What Side Projects Teach That Formal Education Cannot
Formal education is designed to give you fundamentals. And that has value. But with everything I have learned over the years, I can say it rarely simulates the real complexity of building something from scratch.
In a side project, there are no prepared answers. If something fails, no one tells you exactly where to look. You have to research, test, fail, and correct.
That process develops a kind of judgment that traditional education struggles to teach.
“Tell me and I forget, teach me and I may remember, involve me and I learn.”
— Benjamin Franklin, statesman, inventor, and writer
Why Building Changes the Learning Process
When a project depends entirely on you, your relationship with learning changes. You no longer study to remember information. You study because you need to solve something specific.
That makes you pay more attention, retain information better, and connect concepts more quickly.
The pressure of applying real knowledge transforms theory into experience.

What I Learned Outside the Classroom
Much of what has helped me most professionally was learned while trying to build things on my own. Besides, a large part of my formal education has already become obsolete. So many times, I learned programming languages without fully knowing what I was doing.

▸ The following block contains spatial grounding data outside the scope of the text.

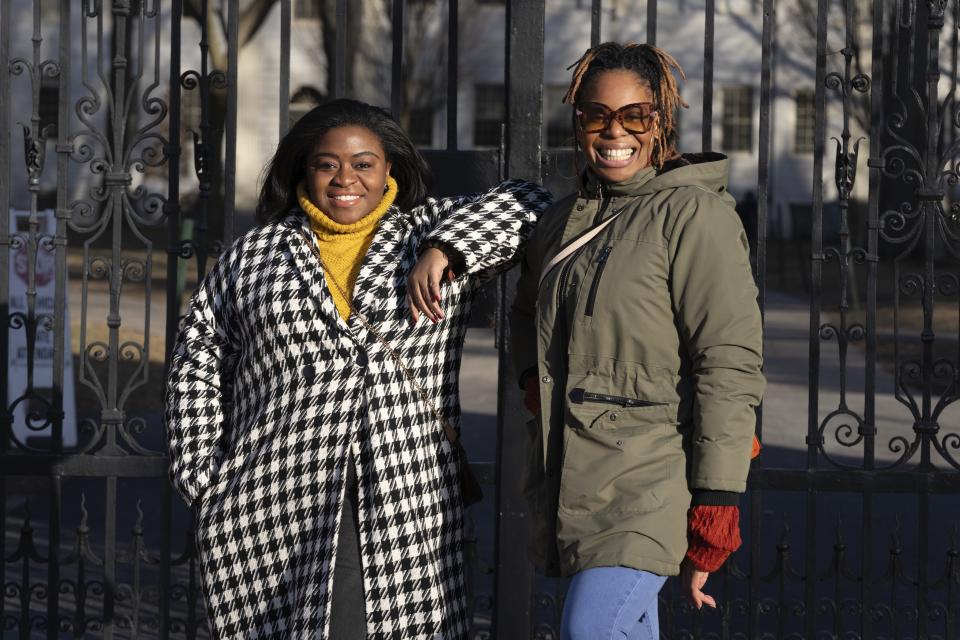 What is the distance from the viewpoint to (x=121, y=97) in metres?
5.16

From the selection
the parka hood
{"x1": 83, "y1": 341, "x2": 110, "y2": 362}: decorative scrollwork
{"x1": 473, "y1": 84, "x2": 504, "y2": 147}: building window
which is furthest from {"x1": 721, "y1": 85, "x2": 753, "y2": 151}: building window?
the parka hood

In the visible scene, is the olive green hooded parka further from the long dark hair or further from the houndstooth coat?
the long dark hair

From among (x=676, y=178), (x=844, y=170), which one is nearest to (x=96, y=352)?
(x=676, y=178)

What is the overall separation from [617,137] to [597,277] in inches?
14.8

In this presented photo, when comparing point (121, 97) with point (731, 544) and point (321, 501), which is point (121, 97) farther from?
point (731, 544)

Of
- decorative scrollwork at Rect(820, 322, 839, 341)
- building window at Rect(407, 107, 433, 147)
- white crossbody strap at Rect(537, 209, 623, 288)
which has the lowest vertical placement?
decorative scrollwork at Rect(820, 322, 839, 341)

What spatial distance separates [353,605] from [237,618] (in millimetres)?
339

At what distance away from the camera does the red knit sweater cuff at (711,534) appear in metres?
3.18

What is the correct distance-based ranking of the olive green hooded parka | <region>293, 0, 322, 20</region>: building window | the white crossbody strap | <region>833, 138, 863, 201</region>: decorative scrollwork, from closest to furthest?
the olive green hooded parka, the white crossbody strap, <region>833, 138, 863, 201</region>: decorative scrollwork, <region>293, 0, 322, 20</region>: building window

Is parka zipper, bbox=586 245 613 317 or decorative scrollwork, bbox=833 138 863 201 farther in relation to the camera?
decorative scrollwork, bbox=833 138 863 201

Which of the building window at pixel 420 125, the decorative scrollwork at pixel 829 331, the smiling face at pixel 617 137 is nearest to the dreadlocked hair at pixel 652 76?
the smiling face at pixel 617 137

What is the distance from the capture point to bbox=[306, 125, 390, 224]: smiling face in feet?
12.2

I remember one project in particular, building my first app. It started as a simple experiment to see whether I could create a basic budget tracker, and it ended up teaching me more than several courses combined.

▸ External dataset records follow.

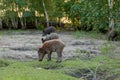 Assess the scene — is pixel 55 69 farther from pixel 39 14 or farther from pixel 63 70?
pixel 39 14

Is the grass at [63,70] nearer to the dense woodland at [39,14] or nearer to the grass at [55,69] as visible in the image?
the grass at [55,69]

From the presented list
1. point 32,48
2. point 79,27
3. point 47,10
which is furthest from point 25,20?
point 32,48

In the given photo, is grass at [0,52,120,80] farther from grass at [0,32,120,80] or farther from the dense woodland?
the dense woodland

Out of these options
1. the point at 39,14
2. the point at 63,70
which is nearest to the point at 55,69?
the point at 63,70

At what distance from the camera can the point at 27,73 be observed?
11.2m

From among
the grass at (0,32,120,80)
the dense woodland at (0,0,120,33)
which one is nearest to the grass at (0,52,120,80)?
the grass at (0,32,120,80)

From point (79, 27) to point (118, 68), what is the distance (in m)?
22.7

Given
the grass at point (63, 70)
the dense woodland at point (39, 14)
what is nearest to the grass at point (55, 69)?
the grass at point (63, 70)

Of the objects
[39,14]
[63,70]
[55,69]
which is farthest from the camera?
[39,14]

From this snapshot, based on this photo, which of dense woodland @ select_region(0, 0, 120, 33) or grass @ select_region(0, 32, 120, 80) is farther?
dense woodland @ select_region(0, 0, 120, 33)

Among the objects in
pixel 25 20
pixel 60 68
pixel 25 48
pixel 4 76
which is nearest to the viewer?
pixel 4 76

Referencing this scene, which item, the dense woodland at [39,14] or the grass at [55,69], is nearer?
the grass at [55,69]

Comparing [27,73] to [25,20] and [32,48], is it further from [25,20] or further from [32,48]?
[25,20]

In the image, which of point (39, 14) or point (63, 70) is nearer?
point (63, 70) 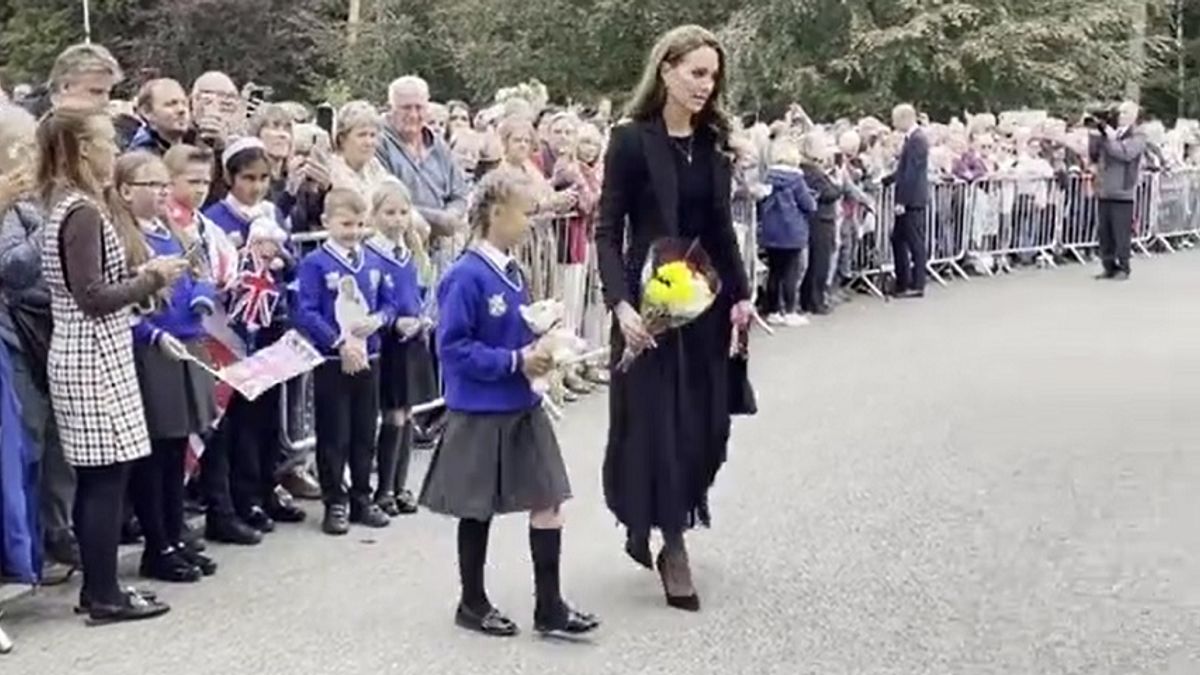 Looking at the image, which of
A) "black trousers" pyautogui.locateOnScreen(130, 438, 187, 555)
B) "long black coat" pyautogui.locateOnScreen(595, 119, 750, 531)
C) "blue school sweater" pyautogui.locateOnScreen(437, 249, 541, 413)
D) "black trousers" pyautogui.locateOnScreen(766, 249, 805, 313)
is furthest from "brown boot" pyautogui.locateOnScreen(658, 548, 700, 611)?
"black trousers" pyautogui.locateOnScreen(766, 249, 805, 313)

Not because it was perfect, but because it forced me to face real problems.
How to Use Side Projects to Learn Better
The first step is to build something that genuinely interests you. Curiosity sustains effort much better than obligation.
The second step is to choose projects slightly above your current level. Enough to challenge you, but not so much that they discourage you.

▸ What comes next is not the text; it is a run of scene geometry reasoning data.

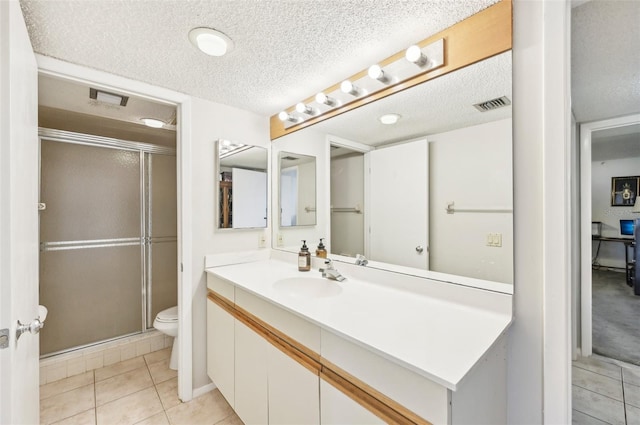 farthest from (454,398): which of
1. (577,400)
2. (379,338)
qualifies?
Answer: (577,400)

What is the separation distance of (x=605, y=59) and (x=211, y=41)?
74.1 inches

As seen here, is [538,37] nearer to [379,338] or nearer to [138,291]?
[379,338]

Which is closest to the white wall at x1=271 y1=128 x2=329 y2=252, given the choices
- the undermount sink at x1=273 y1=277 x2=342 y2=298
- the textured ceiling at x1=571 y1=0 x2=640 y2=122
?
the undermount sink at x1=273 y1=277 x2=342 y2=298

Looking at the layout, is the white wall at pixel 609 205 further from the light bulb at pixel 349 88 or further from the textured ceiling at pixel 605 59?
the light bulb at pixel 349 88

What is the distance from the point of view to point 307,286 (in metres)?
1.66

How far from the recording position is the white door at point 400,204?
1.40m

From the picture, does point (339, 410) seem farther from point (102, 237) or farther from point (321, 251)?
point (102, 237)

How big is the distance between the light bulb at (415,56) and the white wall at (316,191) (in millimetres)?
812

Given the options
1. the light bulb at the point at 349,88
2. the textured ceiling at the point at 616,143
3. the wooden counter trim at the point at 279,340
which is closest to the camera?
the wooden counter trim at the point at 279,340

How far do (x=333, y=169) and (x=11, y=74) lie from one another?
1495mm

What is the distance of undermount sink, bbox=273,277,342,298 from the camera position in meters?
1.58

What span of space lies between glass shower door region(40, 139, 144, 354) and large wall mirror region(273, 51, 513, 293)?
6.91 feet

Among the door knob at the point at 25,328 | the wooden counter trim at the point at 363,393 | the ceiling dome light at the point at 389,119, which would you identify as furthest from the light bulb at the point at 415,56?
the door knob at the point at 25,328

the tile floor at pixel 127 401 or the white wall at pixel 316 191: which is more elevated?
the white wall at pixel 316 191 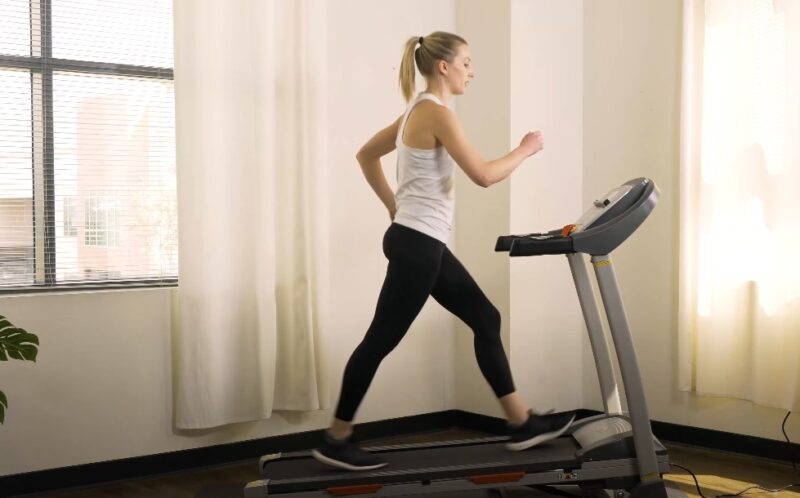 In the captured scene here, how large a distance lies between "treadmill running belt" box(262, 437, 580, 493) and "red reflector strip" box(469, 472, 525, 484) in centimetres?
1

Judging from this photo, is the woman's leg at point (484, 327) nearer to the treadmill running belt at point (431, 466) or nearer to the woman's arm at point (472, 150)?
the treadmill running belt at point (431, 466)

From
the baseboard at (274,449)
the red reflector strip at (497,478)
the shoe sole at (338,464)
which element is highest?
the shoe sole at (338,464)

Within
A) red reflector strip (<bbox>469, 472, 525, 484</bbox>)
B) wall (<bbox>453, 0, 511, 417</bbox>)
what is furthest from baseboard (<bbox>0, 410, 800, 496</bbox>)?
red reflector strip (<bbox>469, 472, 525, 484</bbox>)

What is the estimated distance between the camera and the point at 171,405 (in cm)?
334

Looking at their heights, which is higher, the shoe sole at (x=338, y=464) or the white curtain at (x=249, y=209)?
the white curtain at (x=249, y=209)

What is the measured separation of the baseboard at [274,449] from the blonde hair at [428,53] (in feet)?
5.29

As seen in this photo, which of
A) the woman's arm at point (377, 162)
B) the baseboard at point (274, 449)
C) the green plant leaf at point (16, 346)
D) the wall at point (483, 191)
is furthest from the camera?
the wall at point (483, 191)

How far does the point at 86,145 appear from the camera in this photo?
3186mm

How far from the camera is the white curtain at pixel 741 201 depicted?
3.31m

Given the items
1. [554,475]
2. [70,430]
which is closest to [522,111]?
[554,475]

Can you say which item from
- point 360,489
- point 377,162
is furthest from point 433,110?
point 360,489

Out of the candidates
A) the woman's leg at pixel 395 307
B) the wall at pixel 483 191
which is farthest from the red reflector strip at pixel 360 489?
the wall at pixel 483 191

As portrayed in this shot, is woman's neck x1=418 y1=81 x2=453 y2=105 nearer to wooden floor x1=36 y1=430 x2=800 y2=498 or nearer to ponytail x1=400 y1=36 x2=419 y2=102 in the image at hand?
ponytail x1=400 y1=36 x2=419 y2=102

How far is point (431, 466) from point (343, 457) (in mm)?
269
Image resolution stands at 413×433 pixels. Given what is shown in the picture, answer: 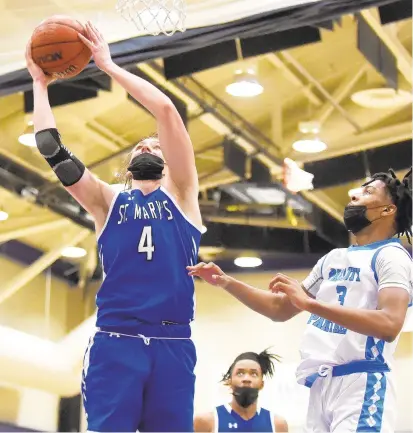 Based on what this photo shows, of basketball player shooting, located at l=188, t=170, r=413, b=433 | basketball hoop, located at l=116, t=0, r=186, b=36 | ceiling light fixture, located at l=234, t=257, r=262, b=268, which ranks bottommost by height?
basketball player shooting, located at l=188, t=170, r=413, b=433

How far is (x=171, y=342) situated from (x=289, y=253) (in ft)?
30.0

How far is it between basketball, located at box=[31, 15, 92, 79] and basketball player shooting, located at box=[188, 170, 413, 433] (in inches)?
41.8

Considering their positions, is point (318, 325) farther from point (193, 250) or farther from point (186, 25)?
point (186, 25)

The third step is to finish what you start. Even if it does not end up perfect. Which, honestly, it probably won’t. Finishing teaches as much as building.
Education Informs You, Building Transforms You
I won’t deny it. Education gives us knowledge. But applying that knowledge to something real changes how you think.
When you have to make decisions, solve errors, and adapt constantly, you are no longer memorizing. You are developing judgment.
And that is the difference between knowing something and knowing how to use it.
“Education is not the learning of facts, but the training of the mind to think.”
— Albert Einstein, theoretical physicist
Learning by Doing Always Leaves a Deeper Mark
The lessons you learn while building something of your own tend to stay with you longer.
Because you do not just remember the concept. You remember the problem, the mistake, the frustration, and how you solved it.
In the end, education matters. But many times, it is side projects that truly teach you how to make things work.